Introduction to Portraiture

Portrait photography, or portraiture, is a type of photography aimed toward capturing the personality of a person or group of people by using effective lighting, backdrops, and poses. This technique has been used for centuries in the form of paintings.

Early Pioneers

Louis Daguerre + Daguerreotype

Louis Daguerre was a French artist and photographer, recognised for his invention of the daguerreotype process of photography. He is known as one of the fathers of photography. He was inspired by Nicephore Niepce who was a French inventor of the 18th century

The daguerreotype was the first commercially successful photographic process (1839-1860) in the history of photography. This method consisted of treating silver-plated copper sheets with iodine to make them sensitive to light, then exposing them in a camera and “developing” the images with warm mercury vapour.

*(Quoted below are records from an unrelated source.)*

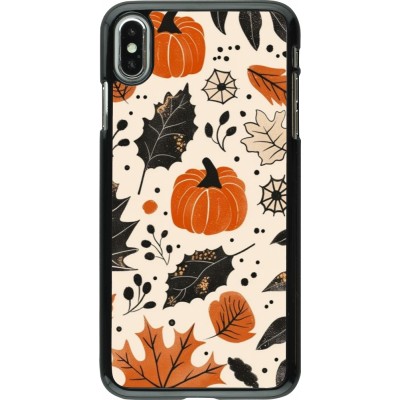 Coque iPhone Xs Max - Autumn 2024 nature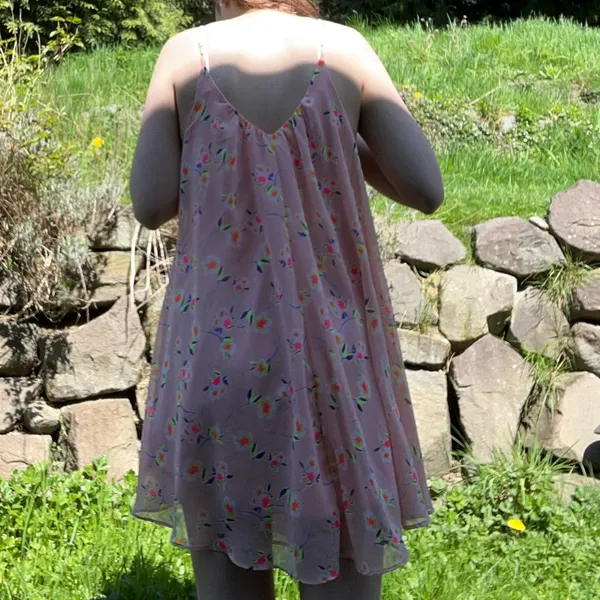 Lush Clothing Pink Floral Summer Dress - Image 5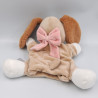 Doudou marionnette chien belle La belle et le clochard DISNEY BABY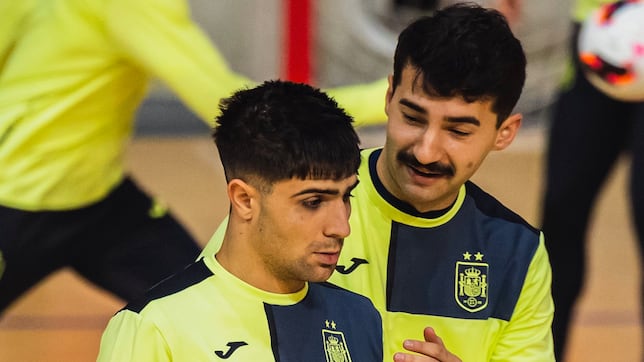 El 1x1 de España para el Europeo de fútbol sala: estos son los convocados por Jesús Velasco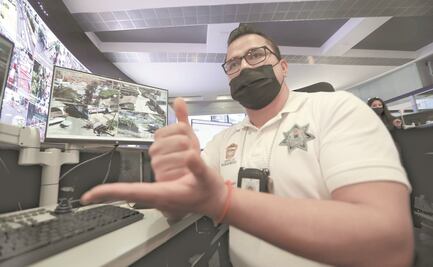 Monitorista sordomudo del C5: nada lo frena para cuidar a la ciudadanía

Unlike heliography, this process only needed 20 minutes of exposure.

How Daguerreotype Photography Reflected a Changing America | At the  Smithsonian | Smithsonian Magazine

Henry Fox Talbot

Henry Fox Talbot was an English scientist, inventor and photography pioneer who invented the ‘salted paper’ and ‘calotype’ processes.

The ‘Salted Paper’ process was discovered in 1834, and it was used to create photogenic drawings, meaning drawings produced by light. The process involved dipping the paper in a solution of sodium chloride and coating one side with silver nitrate. An impression of an object was then made by placing it on the sensitized side of the paper and exposing it to the sun.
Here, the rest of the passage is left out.